Cette métropole de 200 000 habitants est le véritable poumon économique et culturel de la région. Ici, les personnes âgées n’existent pas. Chaque foyer étant alimenté d’eau d’Évian par le robinet, la population se maintient entre 5 et 25 ans et à même tendance à rajeunir année après année. Dans la rue, les beaux Évianais passent des journées entières à danser face à des vitrines de magasins, ou à se faire frôler par des bébés en rollers qui exécutent des chorégraphies de break dance. Ici, on ne vit que d’air pur et d’eau fra îche…
Bon, je me suis peut-être un peu emballé là.
Évian compte moins de 10 000 habitants et se situe en Haute-Savoie, sur les bords du lac Léman qui marque une frontière naturelle entre la France et la Suisse. Positionnée entre lac et montagne, Evian est un point de chute idéal pour pratiquer les activités de la région : randonnée en montagne le matin et baignade à la plage l’après-midi en été.

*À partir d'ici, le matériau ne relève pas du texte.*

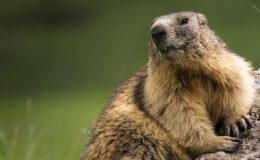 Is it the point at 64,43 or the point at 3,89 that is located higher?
the point at 64,43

Ski l’hiver, la première station se trouvant à moins de 25 minutes de route. Et si vous n’êtes pas du genre sportif, les villes de Genève et Lausanne se trouvent à moins d’une heure de voiture pour faire du shopping ou déguster une vraie fondue suisse.
Rares sont les villes de moins de 10 000 habitants qui jouissent d’une telle renommée. En plus de pouvoir se targuer d’exporter ses bouteilles à travers le monde entier, Évian se démarque par l’organisation annuelle d’un tournoi de golf féminin prestigieux, l’Evian Championship, celle du G8 en 2003, ainsi que par son équipe de football: l’Évian Thonon Gaillard FC.
Et pourtant, Évian c’est petit. Sacrément petit même. Chaque Évianais s’est déjà fait demander par un touriste où se trouve le centre-ville. Question anodine et tout à fait légitime quand on visite un territoire inconnu, sauf quand ledit touriste se trouve déjà au cœur de la seule et unique rue commerçante…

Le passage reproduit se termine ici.